ARK Invest, un gestionnaire d'investissement focalisé sur les innovations disruptives, a avancé qu'une croissance réelle du PIB de 7 % était tout à fait plausible. Epoch AI, un think-tank se focalisant sur les tendances de l'IA, a suggéré que les taux de croissance pourraient dépasser les 20 % par an, une fois remplies certaines conditions préalables. D'autres commentateurs sont beaucoup plus conservateurs : par exemple, le lauréat du prix Nobel d'économie Daron Acemoglu estime qu'au cours des prochaines années, l'IA pourrait entraîner relever les taux de croissance annuels d'environ 0,1 point de pourcentage. Ce serait une bonne chose, mais pas assez significative pour être remarqué.
Il convient de prendre un moment pour réfléchir à ce que de tels taux de croissance pourraient signifier en pratique. Avec une croissance annuelle de 7 %, une économie doublerait de taille chaque décennie et, potentiellement, le niveau de vie pourrait doubler. (Les fruits d'une telle croissance seraient-ils partagés ? C’est une autre question, pour une autre chronique.)
Dans une telle économie, les personnes qui deviennent parents à 30 ans pourraient raisonnablement s’attendre à ce que leurs enfants finissent par être huit fois plus riches qu'eux. À l'exception des plus dépensiers, tous les gouvernements verraient leurs problèmes budgétaires disparaître, le fardeau de la dette nationale ayant été vaporisé par le feu de la croissance économique.

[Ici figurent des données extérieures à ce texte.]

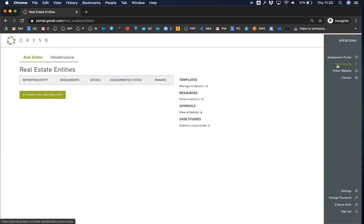The next link is the data exporter, which provides access to all data points in the assessments and allows you to download data sets in CSV and Excel formats. This becomes relevant when results are available for submitted entities.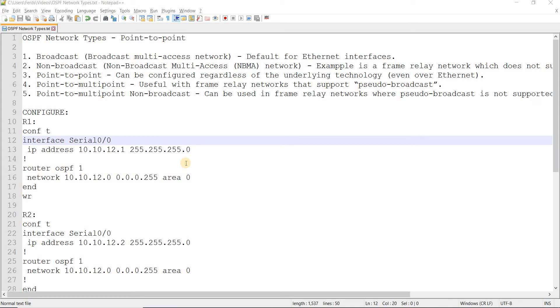OSPF network types. There are five OSPF network types, but in this video I'm just going to talk about the point-to-point network.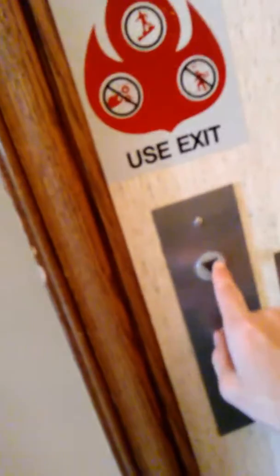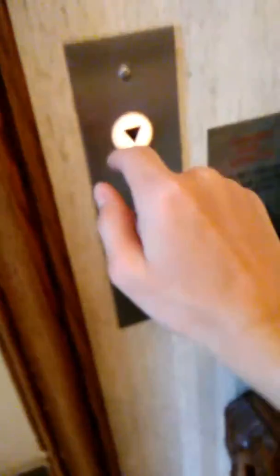This will be the elevator at the War Memorial Library, and this will be take three. Let's watch the button go out.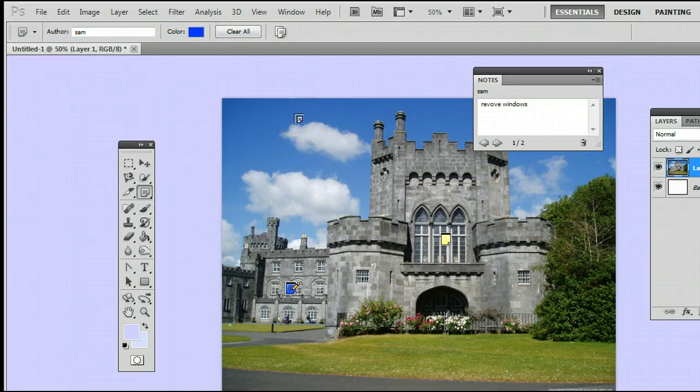That's the Notes tool in Adobe Photoshop. I'm Sam from UsePhotoshop.com.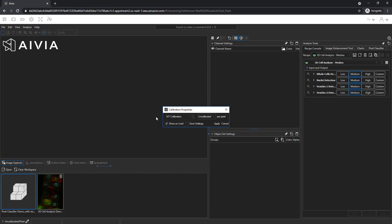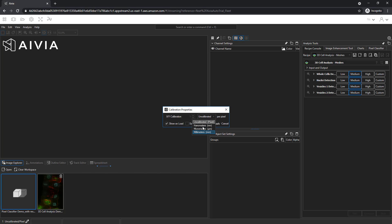The calibration pop-up will appear. You can use the drop-down menu to specify the units and calibration. If you do not know it, leave it as is and click Apply.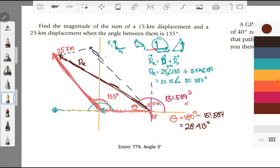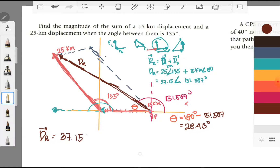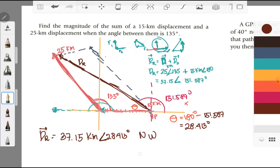Therefore, DR is equal to 37.15 kilometers at an angle of 28.413 degrees, and it is northwest. Why northwest? Because looking at the quadrant directions — north, east, south, west — it is 28.413 degrees northwest.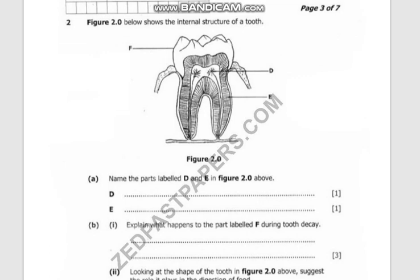My encouragement to you is that before you write down your answers, if you have time, identify all the parts on the diagram first. For example, in our picture, F is the enamel, D is the pulp cavity, and E is the dentine. If you have those figured out, it will be easy to write down the answers — D is the pulp cavity and E is the dentine.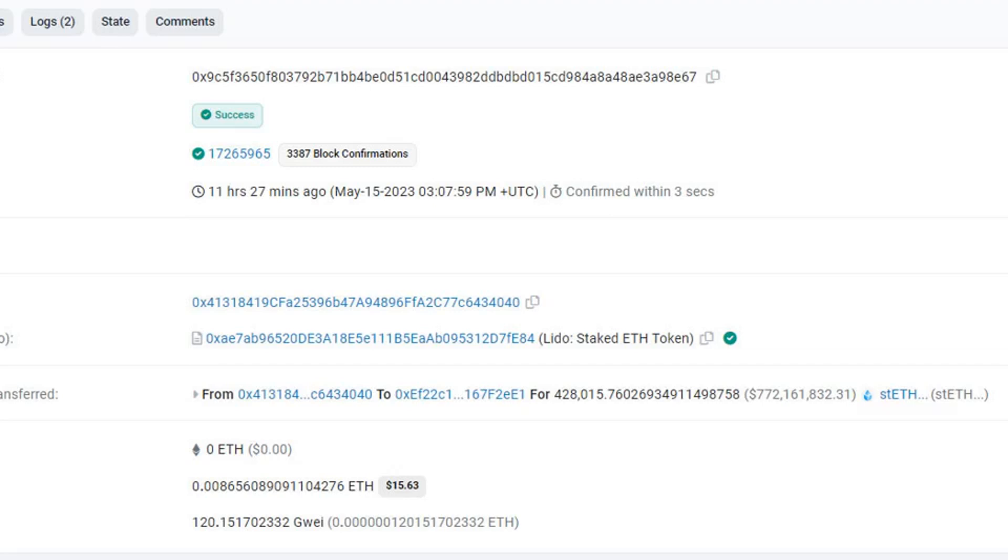On May 15th, a transaction was identified on Celsius wallets for 428,015 stETH (Lido staked ether) to the Lido staked Ethereum wallet. The whopping stash was worth $781 million at the time of transfer, which some believe is in preparation for withdrawal.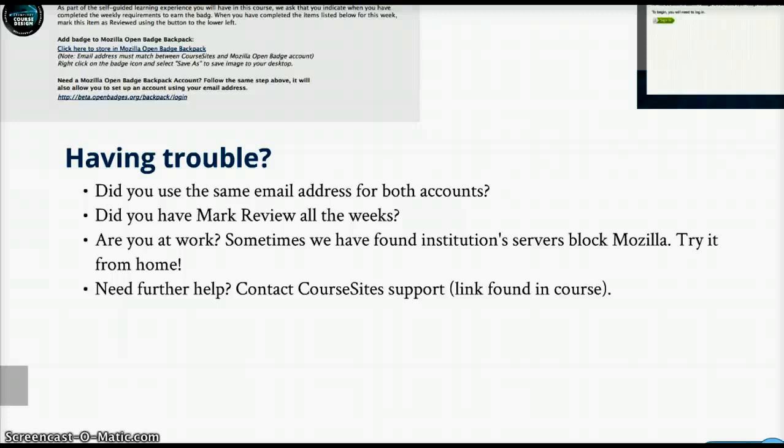Lastly, if you need further help, feel free to contact Course Sites Support. You can find the link to Course Sites Support within the Course Navigation menu of the course.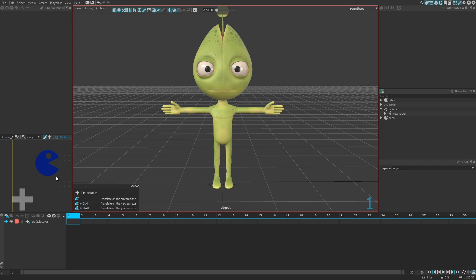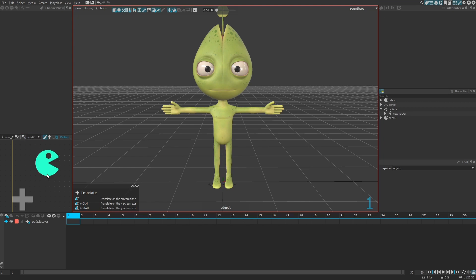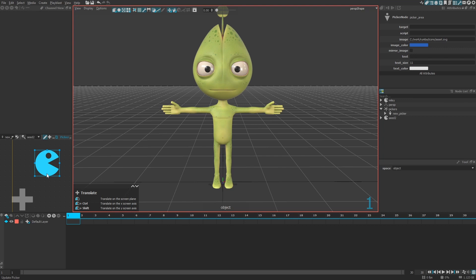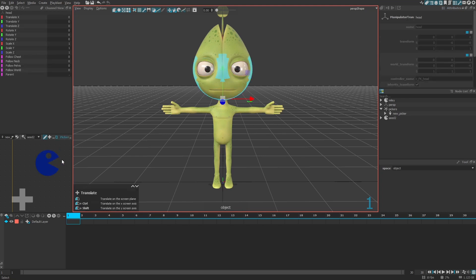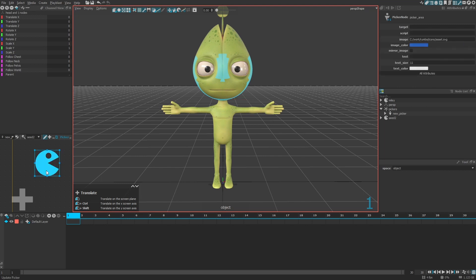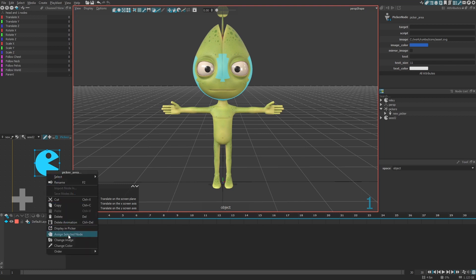Next, I want to link this new area to a manipulator or controller on my character. If you already know the target name of your area, you can simply type it in the target property in the attribute editor. Or you can select both of them — for example, I'll select the head of my character and then select the area I want to associate it with.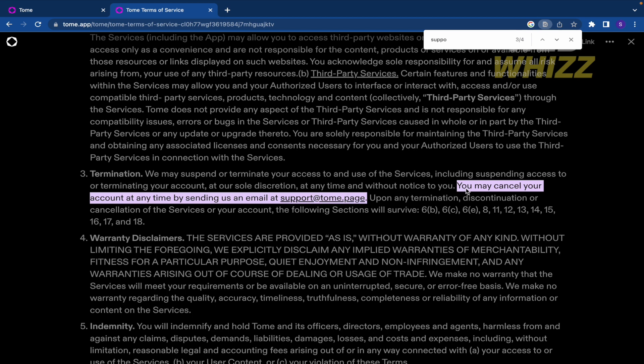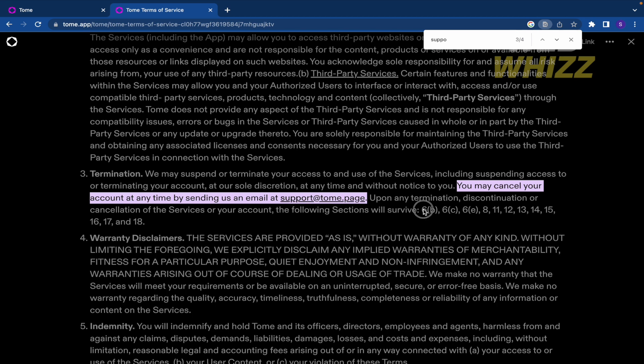You may cancel your account at any time by sending us an email at support@tom.page. Upon any termination, discontinuation or cancellation of the services of your account, the following sections will survive and so on.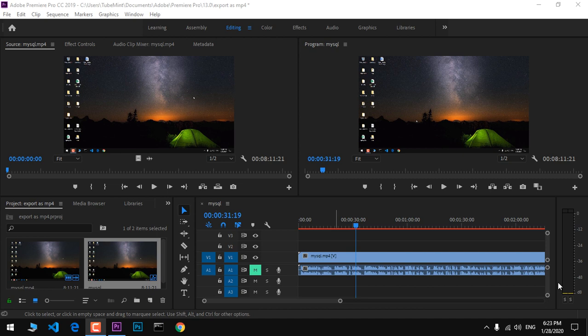Hello and welcome, my name is Amundi and you are watching TubeMint. In this video, I'm going to show you how to export videos and projects as MP4 format in Adobe Premiere Pro CC. I assume that you've already edited your project and you're happy with it. Now you want to export your project as MP4 video format.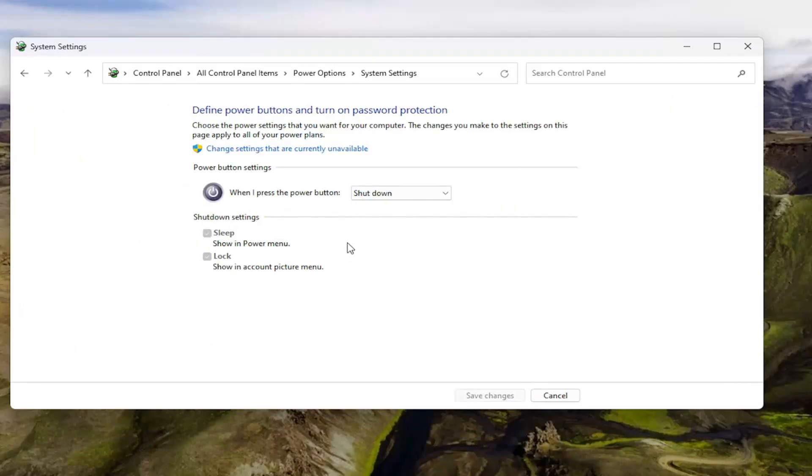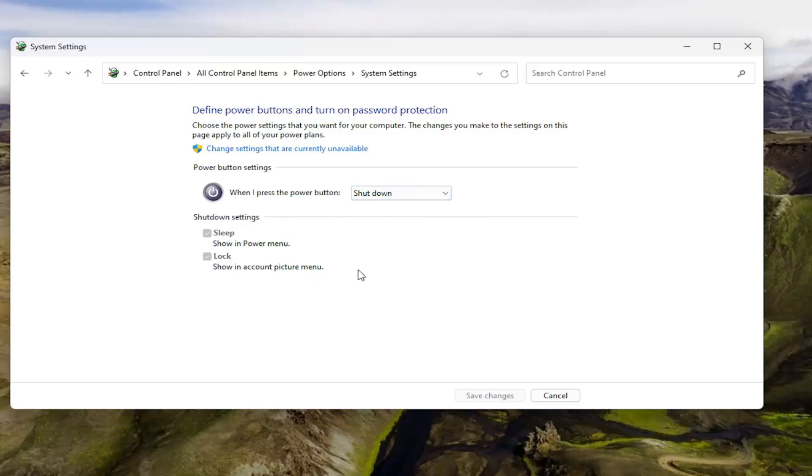Now on the right side, assuming you have a laptop, there should be options here for both plugged in and on battery. However, since I'm on a desktop computer, there's only going to be desktop options here.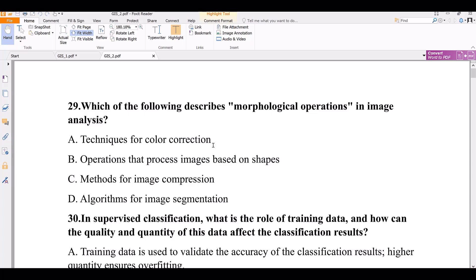Question number 29. Which of the following describes morphological operations in image analysis? Morphological operations in image analysis. Option A: techniques for color correction.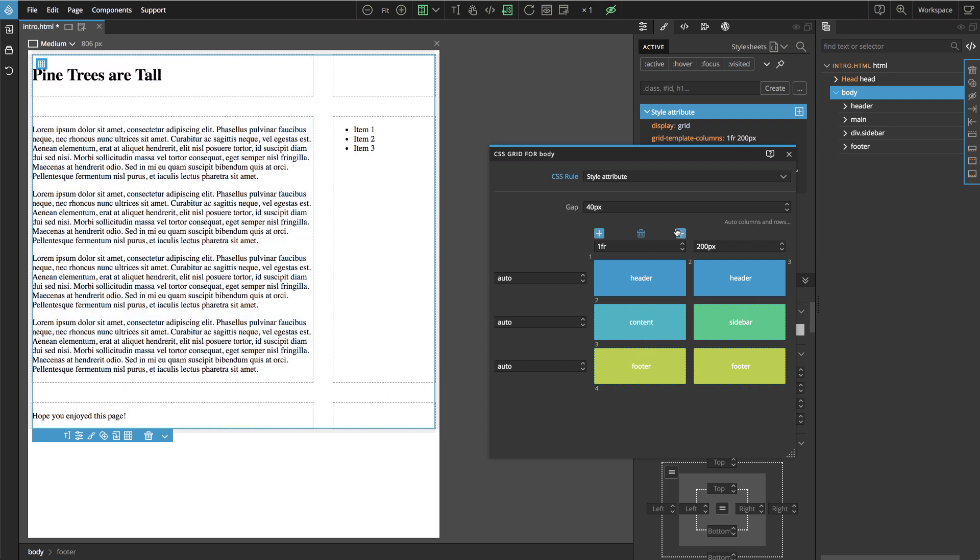And then when we deleted the middle column, because the elements use named areas, we don't actually have to do anything else. They are already positioned where they should be.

De tels chiffres ne sont pas sans précédents : quelques économies, comme celles de la Chine, du Japon et de la Corée du Sud, ont connu une telle croissance sur de longues périodes tout en rattrapant les sociétés alors plus riches. Mais ce serait une première d’observer de tels taux de croissance parmi les économies les plus riches du monde.
Une économie croissant à un rythme de 20 % par an est encore plus éloignée de nos intuitions. À un tel rythme, l'économie doublerait de taille trois fois par décennie ; les enfants finiraient par être environ 500 fois plus riches que leurs parents. Des siècles de progrès économique seraient condensés en quelques décennies et des années de progrès en à peine quelques mois.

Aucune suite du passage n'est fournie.